One of the limitations of this study, as in any study using multiple imputation methods to impute missing baseline values, is that the robustness of the method highly depends on the validity of the missing at random assumption. Although our diagnostic protocol was changed in June 2015 and many patients had missing values before that time, one third of the patients evaluated before June 2015 did have a complete set of baseline values. Therefore, these missings can be considered missing at random. Furthermore, although pre-specified clinical variables were used to minimize the risk of overfitting, the methodology by which these variables were selected was not systematic and is therefore vulnerable to bias. The lack of statistical significance for some of the pre-specified variables in the model can be the result of this unsystematic selection but can also be due to a lack of power.
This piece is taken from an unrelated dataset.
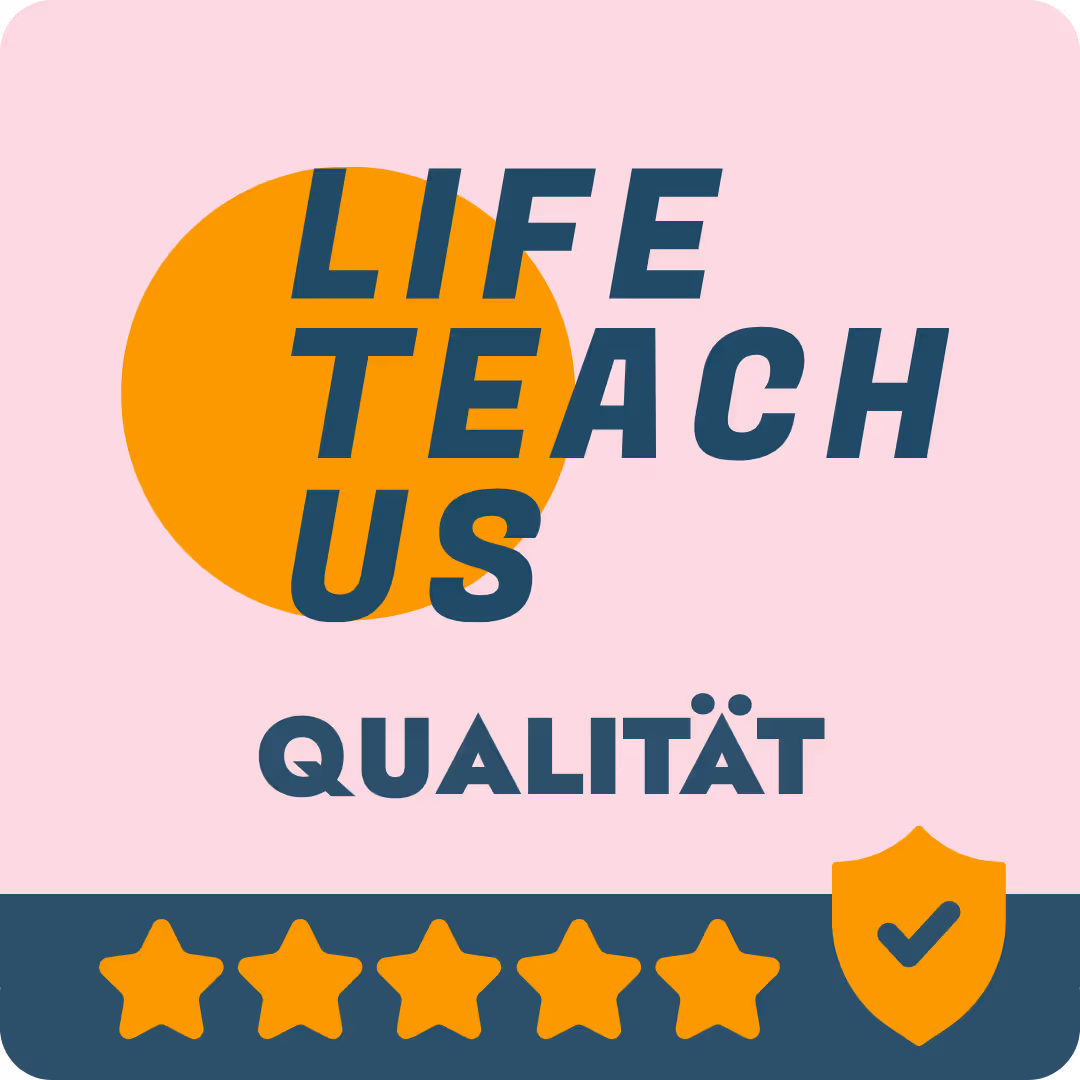Bei LifeTeachUs steht die Sicherheit und Qualität der Bildung im Vordergrund. Wir verstehen die immense Verantwortung, die mit der Vermittlung von Lebenswissen an Minderjährige und Jugendliche einhergeht.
Finally, the model was not externally validated in another cohort of patients with difficult-to-control hypertension, which is required to guarantee generalizability and should be done before the decision tool is applied in clinical practice.

Conclusions

In conclusion, with a decision tool based on seven easy-to-measure clinical variables, patients with a low probability of PA can be reliably selected and a considerable proportion of patients with difficult-to-control hypertension can be spared further intensive diagnostic testing.

Future perspectives

By excluding patients at low risk for PA, the decision tool reduces the number of patients to be invasively tested and increases the efficiency of testing in the remaining patients, which will allow health-care providers to allocate their (financial) resources to patients with difficult-to-control hypertension at higher risk for PA. This work raises the opportunity for external validation in other patient populations (i.e. primary care) and may lead to extensive clinical application, better detection and, subsequently, earlier treatment of PA. Also, given the high prevalence of PA in drug-adherent patients as compared to non-adherent patients [28], adding a measure of adherence to the existing model may further improve the diagnostic accuracy of the decision tool. That may decrease the number of patients that need invasive testing even more.